On Tue, 2005-06-28 at 23:12 -0400, Peter Arremann wrote:
Yes - what exactly was that page in what manual that says "PAE52" ?
AMD Architecture Programmer's Manual Volume 2: System Programming
http://www.amd.com/us- en/assets/content_type/white_papers_and_tech_docs/24593.pdf
Page 146:
"Currently, the x86-64 architecture defines a mechanism for translating 48-bit virtual addresses to 52-bit physical addresses. The mechanism used to translate a full 64-bit virtual address is reserved and will be described in a future x86-64 architectural specification."
Page 147:
"Setting CR4.PAE=1 enables virtual addresses to be translated into physical addresses up to 52 bits long. This is accomplished by doubling the size of paging data-structure entries from 32 bits to 64 bits to accommodate the larger physical base addresses for physical-pages. PAE must be enabled before activating long mode."
48-bit virtual addressing is i386 onward: 16-bit segment + 32-bit register
History ...
The 8086/8086 created a 20-bit "physical address" from a 32-bit "virtual address" by creating a two's complement from the 16-bit segment (bits 4-19) plus the 16-bit offset (bits 0-15). This process of getting 20- bit physical address from a 32-bit "virtual address" is known as "normalizing." If the two's complement is greater than bit 19, then an overflow, exception, etc... occurs.
[ SIDE NOTE: A small "hack" called the A20 line could be used to give another 16-bit 64KB "page" above 1MB, hence the common DOS location in XMS memory, not between 640-1024KB, but _at_ 1024KB. Long story short, it's when the two's complement overflows to A20, because all MSB 10-15 (A15-19) of the segment and MSB 15 (A15) of the register are set. This would result in the A20 line being set, and addresses of 1024KiB(-16) to 1088KiB(-16) being available. ]
The i386 onward normalizes the 32-bit "physical address" from a 48-bit "virtual address" by creating a two's complement from the 16-bit segment (bits 20-35) plus the 32-bit offset (bits 0-31). This 48-bit virtual -> 32-bit "normalizing" is radically speed up in the i486 TLB over the i386 (which does not have a TLB). If the two's complement is greater than bit 31 (32-bit), then an overflow, exception, etc... occurs. There is no A36 "hack" like there was for 8086/8088 though.
PAE is mode in the Pentium Pro onward, supported in GTL+, that uses the "4-bit overhang" (bits 32-35) of the 16-bit segment register to address beyond 4GiB. This would be, in 8086/8088 terminology, an A32- A35 hack. But can only do so in a way that pages into under 32-bit. This is known as PAE36 -- because it is a 36-bit processor address extensions (PAE) model, not a linear address access above 32-bit.

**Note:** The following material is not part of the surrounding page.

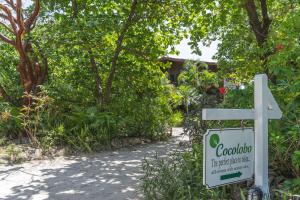 Een tuin van Cocolobo Resort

PAE in x86-64 still uses the 48-bit virtual addressing approach. The name "Long Mode" comes from the fact that instead of creating a two's complement of overlapping bits, the 16-bit segment and 32-bit offset are connected "Long" MSB of offset against the LSB of the register. So now 48-bit virtual addresses are actually 48-bit wide, not "normalized" to 32-bit or, using PAE (36-bit), 36-bit.
Where 52-bit comes into play is in the paging. The paging not only can do these 48-bit "Long" addresses, but also legacy 32-bit and PAE (36- bit) "Normalized" addresses. It's a bit complex, but the _full_ compatibility of running _both_ 48-bit "long" programs and 32/36-bit "normalized" programs in the same, compatible paging space is well detailed in the manual (and the choice of 52-bit wasn't arbitrary).
This 48/52-bit mode requires PAE, designed for simultaneous, paging- level compatibility with not only 32-bit, but also 36-bit (PAE36) "normalized" programs.
[ SIDE NOTE: A future x86-64 processor will offer a full 64-bit virtualized addressing. For now, it's 48-bit -- the "Long" version of a 32-bit offset register with the legacy 16-bit segment register in front of it -- _not_ overlapping/normalized. ]
[ SIDE NOTE: A future x86-64 processor will offer a full 52-bit physical addressing. For now, it's 40-bit -- i.e., the physical limitation of the EV6 interconnect. ;-> ]
That's why we refer to it as PAE 52-bit, or PAE52 for short. To differentiate from a processor that only does PAE 36-bit, PAE36 for short. Most of the time, AMD calls it x86-64 PAE.
-- Bryan
P.S. I also noted that the 4MiB Page Size actually allows up to 40-bit addressing with 32-bit offsets. I wonder if that's how the Xeon MP's page table directly and linearly addresses up to 40-bit/1TiB? As you can see from the table on page 146, AMD still uses 4KiB paging (although it _does_ offer a 2MiB paging mode -- which would definitely be GTL _incompatible_).